Le cas du meurtre de Joe Van Holsbeek en est un parfait exemple. L’un des auteurs a fait l’objet d’un dessaisissement (cela veut dire que le tribunal de la jeunesse a transféré le dossier à la Justice pénale ordinaire) et s’est vu condamné à 20 ans de prison par la Cour d’assises tandis que l’autre a pu être jugé par le tribunal de la jeunesse et a été placé en Institution publique de protection de la jeunesse (IPPJ). Pourquoi ? Parce qu’Adam n’est pas Mariusz et que chacun se voit appliquer un traitement individualisé.

La condamnation à une mesure éducative plutôt qu’à une sanction de type répressif est parfois mal comprise par le citoyen. Cette incompréhension peut mener à assimiler le système protectionnel à de l’impunité.

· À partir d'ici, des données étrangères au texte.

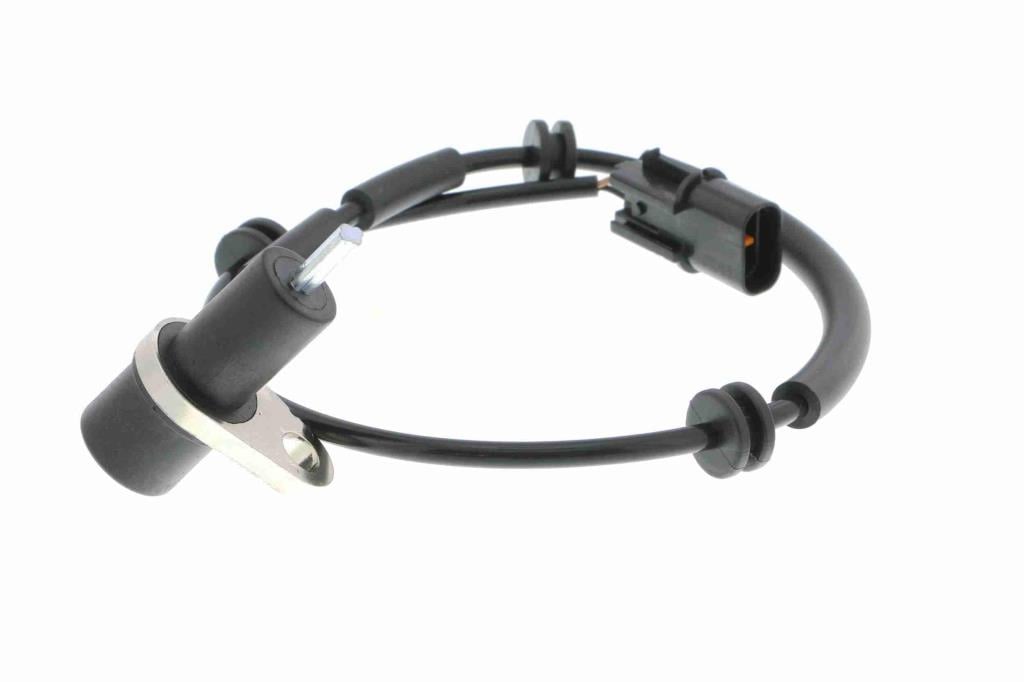 Capteur ABS (Capteur de vitesse de roue) VEMO ref. V52-72-0040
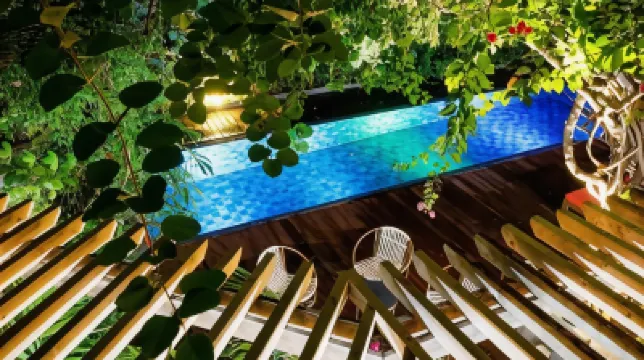 Viluveli Holiday Retreat 酒店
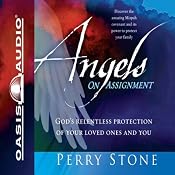 Angels on Assignment | [Perry Stone]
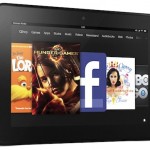 Amazon Cuts The Price For Kindle Fire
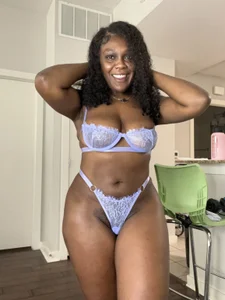 TilaTotti Light Blue Lingerie Foto 3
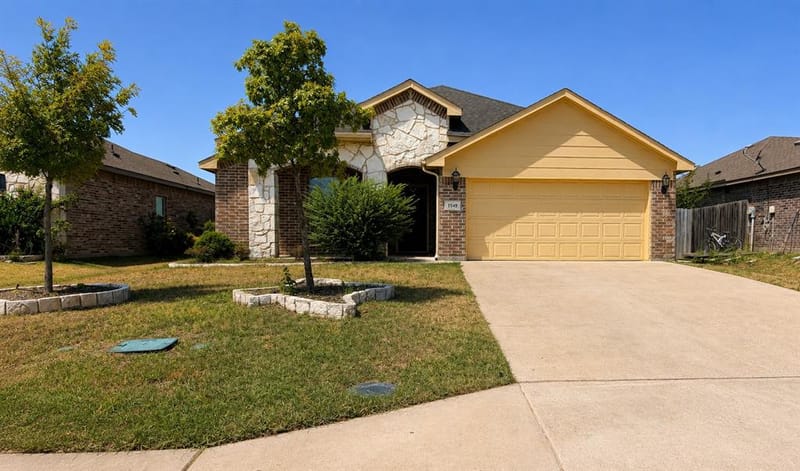 1549 Portofino Drive, Dallas TX 75217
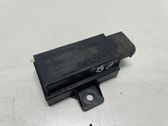 Other control units/modules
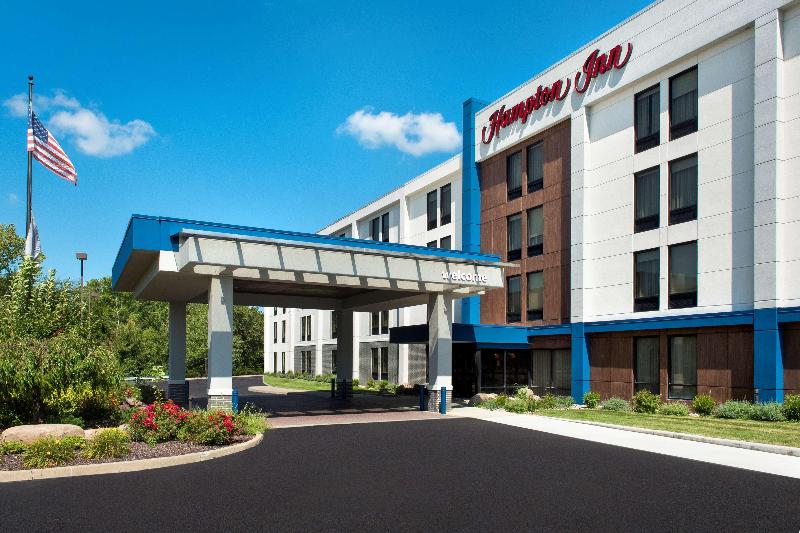 ホテル Hampton Inn By Hilton Middletown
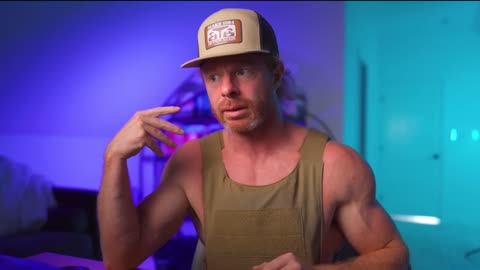 JP Sears on Joe Hunter and Ashley Biden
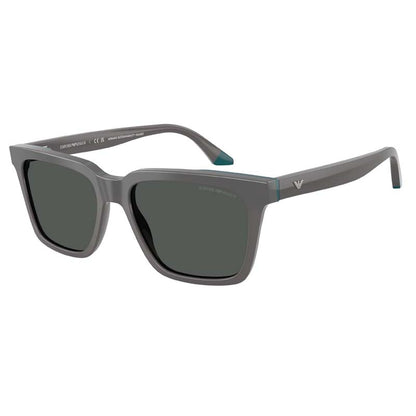 Sonnenbrille Emporio Armani, Modell: 0EA4260 Farbe: 631487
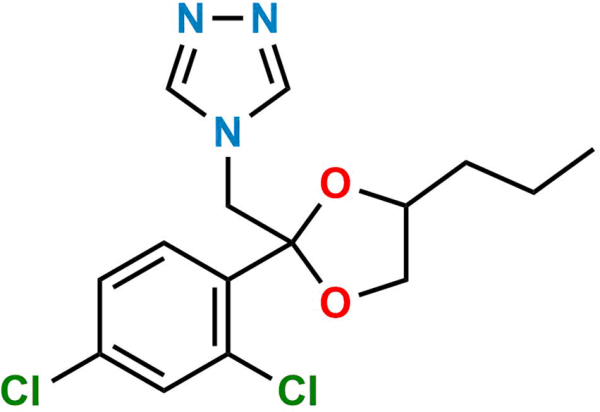 Propiconazole Impurity 1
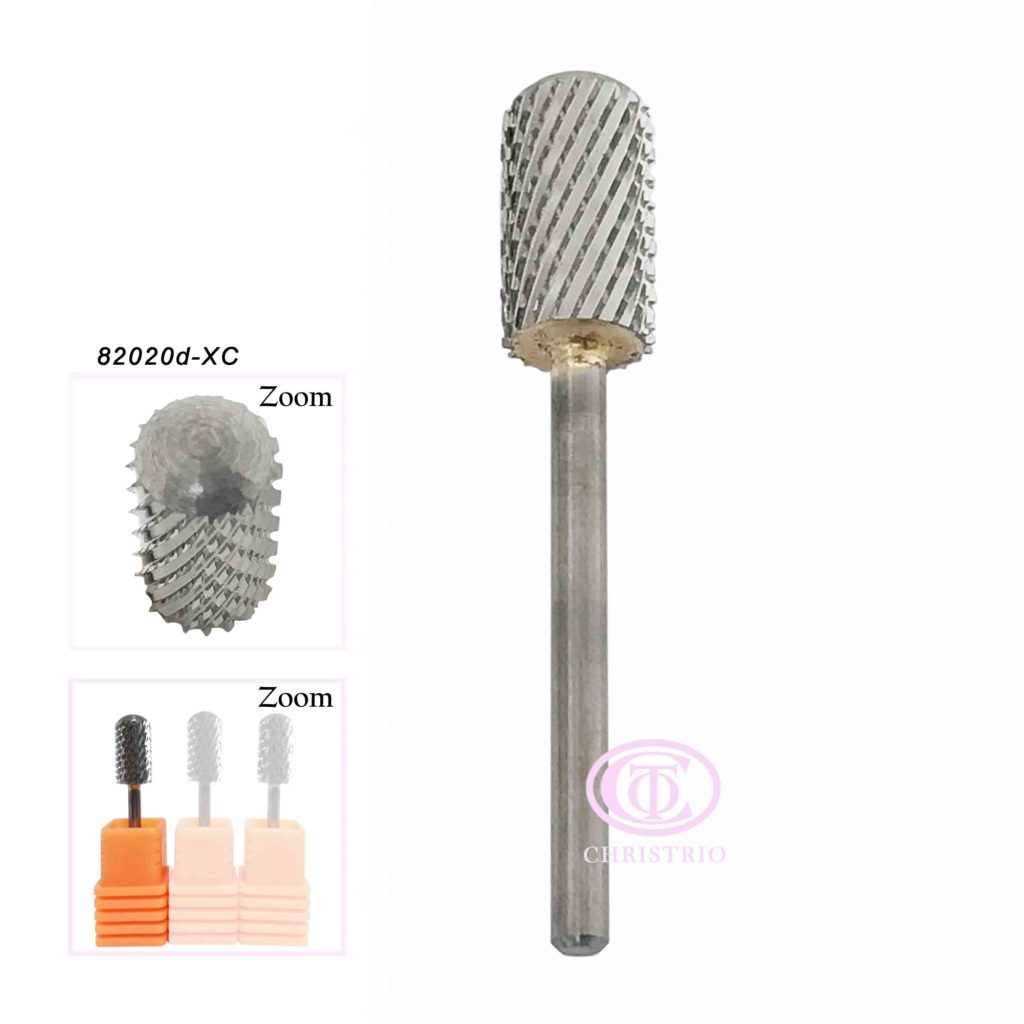 Carbide (82020d) – fréza (xc)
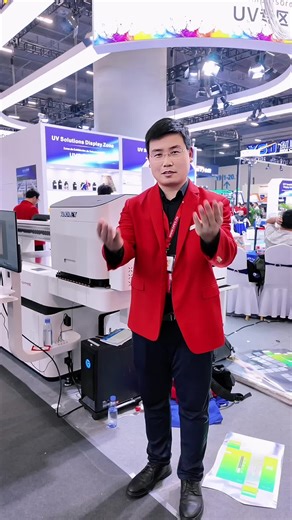 One Machine, Multiple Solutions – AUDLEY 1413 UV Flatbed Printer #uvprinter #uvprinting #flatbedprinter #industrialprinter #printingmachine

La réalité est tout autre. Le juge de la jeunesse ne laisse pas le mineur « impuni » mais, simplement, il privilégie un certain type de réponse, en l’espèce éducative, et réserve la sanction pénale au cas exceptionnel de l’échec des mesures dites protectionnelles, qui sont prévues par la loi à l’égard des jeunes. Dans cette hypothèse, indépendamment de la gravité des faits et uniquement en fonction de la personnalité du jeune, le juge de la jeunesse peut se dessaisir au profit du juge pénal. S’agissant d’une décision individuelle pour chaque jeune, il est tout à fait envisageable que le juge décide de se dessaisir pour un mineur et de ne pas le faire pour un autre et ce, même s’ils ont commis un même délit ensemble.

L’éducation plutôt que l’enfermement : depuis près d’un siècle, notre système protectionnel repose donc sur le principe que les mineurs, quels que soient les actes qu’ils commettent, ne peuvent être assimilés aux majeurs et doivent bénéficier d’un système distinct basés sur des « mesures éducatives » et non des « peines répressives ».

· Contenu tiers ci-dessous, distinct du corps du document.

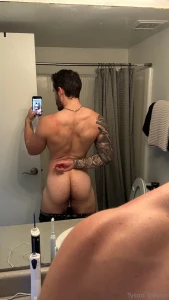 Ass or dick part 2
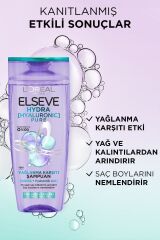 Şampuan Elseve 300 ml Hydra Pure Yağlanma Karşıtı***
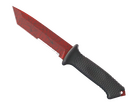 ★ Ursus Knife | Crimson Web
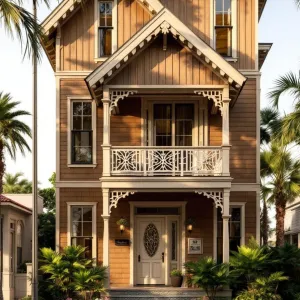 Victorian Coastal Charisma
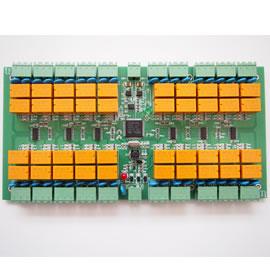 上海安琦迅专业研发生产电梯IC卡管理系统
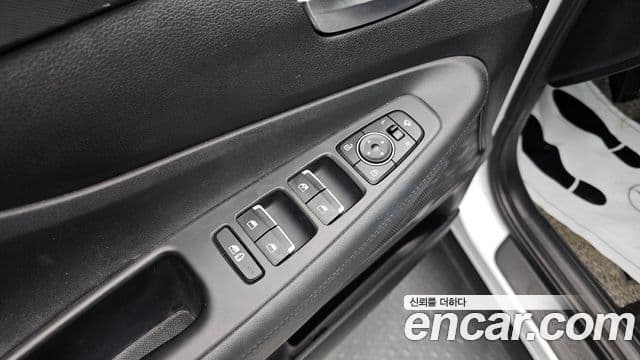 Hyundai The / новый New Santa Fe Premium Choice, 2021 13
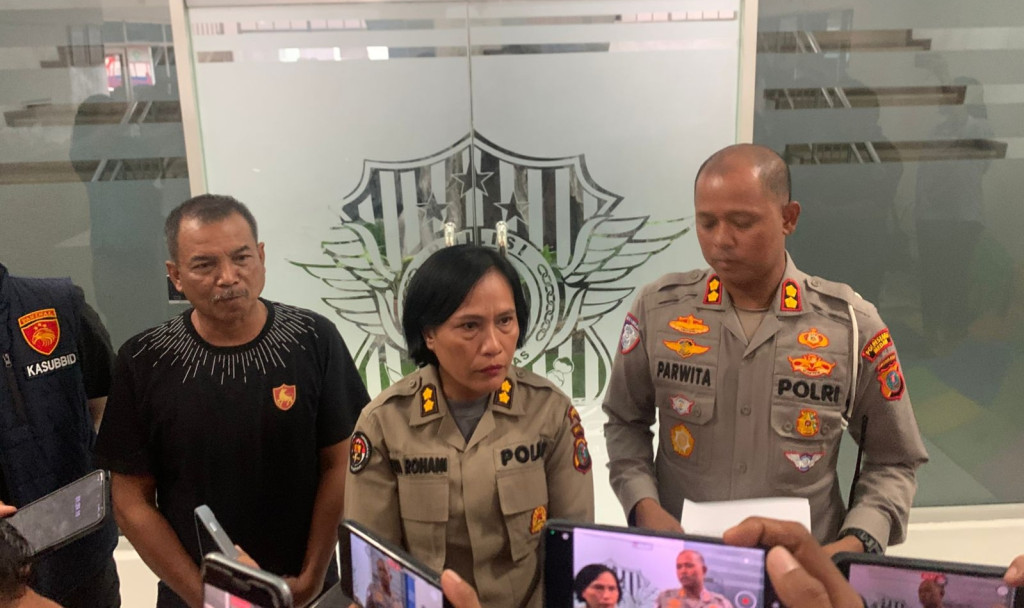 3 Oknum Polisi Tabrak Wanita hingga Kritis di Depan Golden Tiger Baru Keluar dari THM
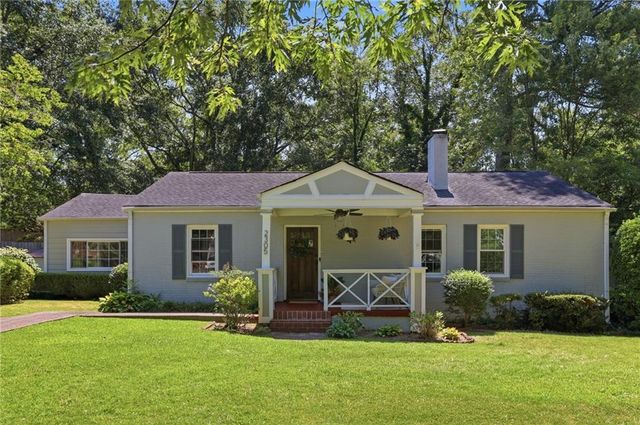 2305 Sanford Road, Decatur, GA 30033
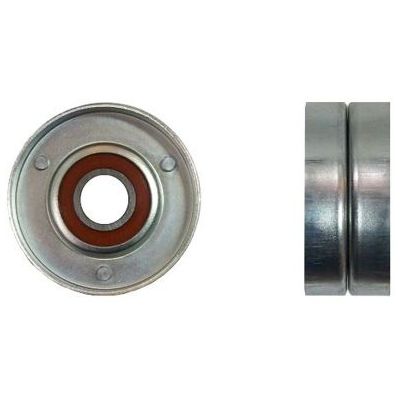 Vantilatör Kayış Gergi Rulmanı  Opel Astra H S.Wagon (2004->)  GVA 2790377K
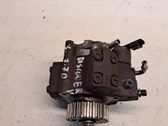 Fuel injection high pressure pump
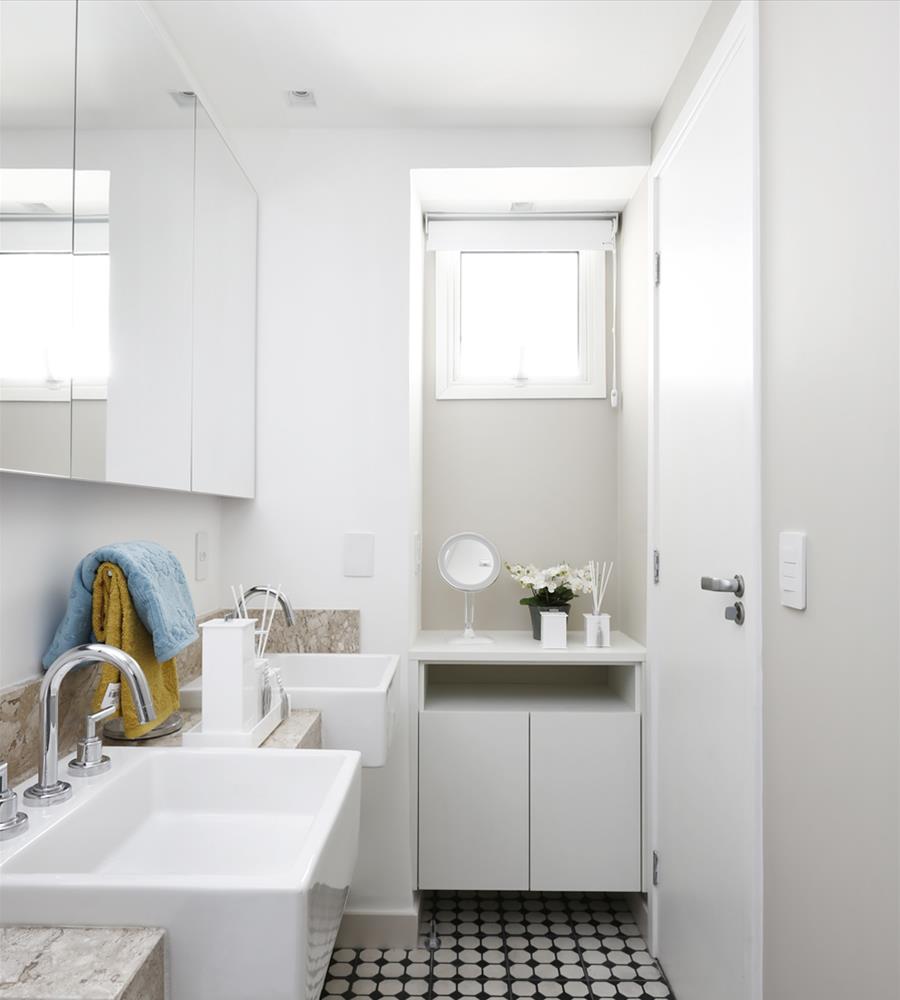 巴西公寓设计-23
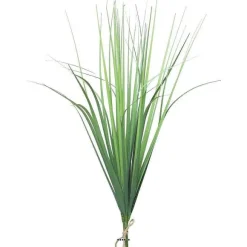 Outlet RETIF Herbe F Tuque Artificielle Lot De 3 En Piquet H60Cm Best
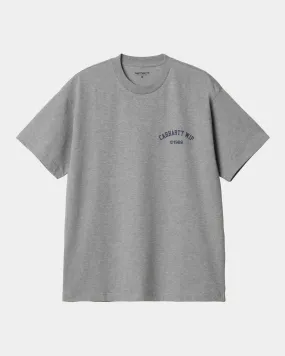 Archivo T-Shirt | Grey Heather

Le juge de la jeunesse dispose d’un panel de mesure. Celle du placement en IPPJ en est une parmi d’autres (travaux d’intérêt général, médiation, travail rémunéré dont le produit est destiné à indemniser les victimes,…). L’écartement du milieu familial, voire l’enferment, doit être réservé aux cas extrêmes, le législateur privilégiant le travail pédagogique à partir de la famille, plutôt qu’en dehors. Dans l’esprit de la loi mais également de la Convention internationale des droits de l’enfant, le placement doit être une mesure de dernier recours. Elle doit être la plus courte possible et ne peut être envisagée que de manière transitoire.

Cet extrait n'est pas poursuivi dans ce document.